You desulfate batteries by overcharging the heck out of them. My Zivan when setup for lead used to charge to about 7.75V for a 6V battery. It would boil the heck out of them but they lasted 8000 miles and were still going strong, not as good as new but I could still get 30 miles from a charge, about what I got when they were new.


----------



## TheSGC (Nov 15, 2007)

My pack is 1.5 years old and about 6,000 miles on it. I was hoping to get around 8-10k on it before it went stinky. 

I will check for a shorted cell, I do have a PakTrakr on it so I know which one is my problem. Interestingly enough, the bad cell isn't one that the PakTrakr draws power from, the stinky battery is number 3 in the my string of 12.


----------



## dtbaker (Jan 5, 2008)

TheSGC said:


> My pack is 1.5 years old and about 6,000 miles on it. I was hoping to get around 8-10k on it before it went stinky.


my first build pack of floodies (us8vgchcx) started fading around 6000 miles, and dropped to about 60% of original capacity by 7,000 miles. This was right at the limit of what I really needed many days and the major sag at the end of the day was causing 'range-anxiety', so I sold them to an off-grid guy for cheap and upgraded to LiFePO4 (thundersky).... no worries, and WAY better performance.

I would never recommend a lead-acid build at this point. The price of the Li has come down to the point where it is far less expensive over a 100k life, assuming projected life cycles pan out.


----------



## TheSGC (Nov 15, 2007)

I'm still beating my batteries into submission. I can now drive 14 miles with taking it easy and no low battery warnings going off. I am doing some neighborhood loops cruising at 75 AMPS and pulling 150 AMPs max for accelerating, usually keeping it around 100 AMPs. It's not my normal driving, but since it's Sunday there is no one on the roads. 

I'd love to get lithium for my new EV, but I don't think it's realistic right now. The smallest pack I would go would be 120 volts 100 AH for lithium, but I can get the same capacity with 120 volts of lead acid for less than 1/3 the price. It really depends on what money I have next year, but lead acid might be my only option, being on a college budget.


----------



## TheSGC (Nov 15, 2007)

I'm still beating around my lead sled and they seem to still be improving. For the next few month's I'll be experimenting with them while I start my new EV. I'm using the EV primarily for driving around town, and I think I'm having problems with my charger which could be why my batteries have been acting up. 

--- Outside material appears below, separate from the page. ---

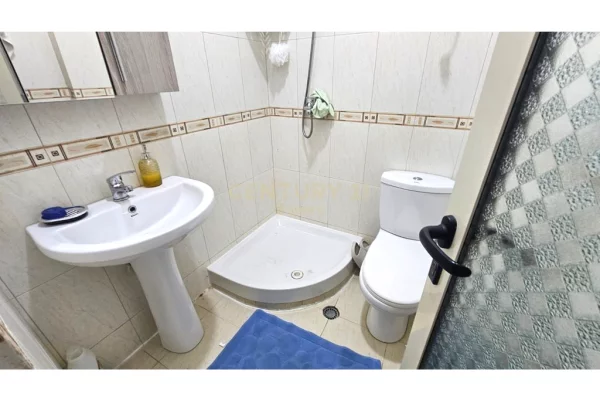 Shtepi ne shitje Apartament ne Durres, Garsoniere, Mobilimi E mobiluar, Pagesa 36,000  Euro.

I got the go ahead for Lithiums for my next EV, which means now I gotta do all the research on them.


----------



## dtbaker (Jan 5, 2008)

TheSGC said:


> I got the go ahead for Lithiums for my next EV, which means now I gotta do all the research on them.


beg, borrow, do what you must..... but go Lithium. At this point I think that CALB from Calibpower.com is the best bang for the buck with reliable delivery from US warehouse.


----------



## Sunking (Aug 10, 2009)

Once the lead sulfate crystals have hardened off, there is not really anything you can do of significance.


----------



## TheSGC (Nov 15, 2007)

Sunking said:


> Once the lead sulfate crystals have hardened off, there is not really anything you can do of significance.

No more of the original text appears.